Take a close look at the Survivors of the Shoah Visual History Foundation Web site and you'll see that, even though the foundation is moving firmly into Act Three, this production is far from being over. Even after celebrating its first decade in operation, in some ways it's as though things are just getting started. Talk to Shoah Foundation CEO Doug Greenberg and you'll hear the excitement in his voice. When asked what's up next for the Foundation, Greenberg easily rattles off a litany of projects, including:
- More documentaries for the "Broken Silence" series (one in Italian is next in line)
- More testimony reels dealing with focused subjects, like resistance to racism and violence
- More collaboration with like-minded organizations, educators and educational institutions around the globe
And, possibly even more testimonies.
Even from the beginning, it was Steven Spielberg's intention to get survivors' stories out there for everyone to witness -- not just survivors of the Holocaust, but survivors of other genocides and mass killings. "It's always been in Spielberg's mind that the Holocaust is not the real problem," said Greenberg. "The real problem is racism and genocidal violence. And the contribution we have to make is how to document those things using video and how to make them accessible to others."
When asked what impact would it have had on what happened in Rwanda if the Shoah Foundation had been established five or 10 years earlier, Greenberg said:
I'd like to think that if we'd been around for 10 years before the genocide in Rwanda, then maybe somebody would have taken a deep breath in the spring of 1994 and said, "You know, there's another holocaust going on and we ought to do something to stop it."
He went on to point out that the American press is paying attention to the current crisis in the Sudan -- much more so than it did in 1994 with Rwanda. "I hope that one of the reasons that the American press is paying attention to Sudan is that organizations like the Shoah Foundation have raised people's consciousness about the problem of genocide generally," said Greenberg. He continued:
The Rwandan case is one that in retrospect got people thinking again about the Holocaust. I'm sure we're going to make a difference in the future ... It's about consciousness raising worldwide, but it's [also] about giving the survivors the opportunity to talk about what they suffered -- and that includes Rwandan and Cambodian survivors and the survivors of the mass murders in the Balkans and other places.
Greenberg believes that the Shoah Foundation has a unique contribution to make. "There have been testimonies done of all these genocides in writing and sometimes on audiotape," says Greenberg, "but there's something palpably different about watching video -- that's the contribution we can make and we can teach people how to do it."
With contacts in the local Cambodian and Rwandan communities in California, the Shoah Foundation plans to pilot a very small and carefully planned project in the summer of 2004. It'll start by collecting a small number of testimonies about the Cambodian and Rwandan genocides. Next, it will begin to develop language-specific thesauri for each of those genocides and start thinking about what the appropriate issues are that need to be addressed.
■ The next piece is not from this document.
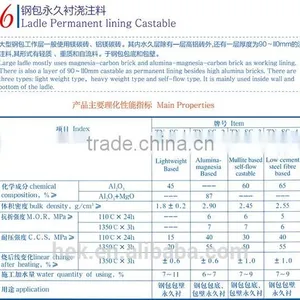 Ladle Castable Refractory thumbnail-3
As with the Holocaust testimony, the Foundation will be relying on a host of contacts to ensure that it has the right kind of expertise and cultural sensitivity to carry out the project in the best possible manner.
Once the pilot project is completed, the Foundation will be looking at a broader set of initiatives. Instead of embarking on the systematic interviewing of survivors-at-large, it'll be looking at ways to help others do it.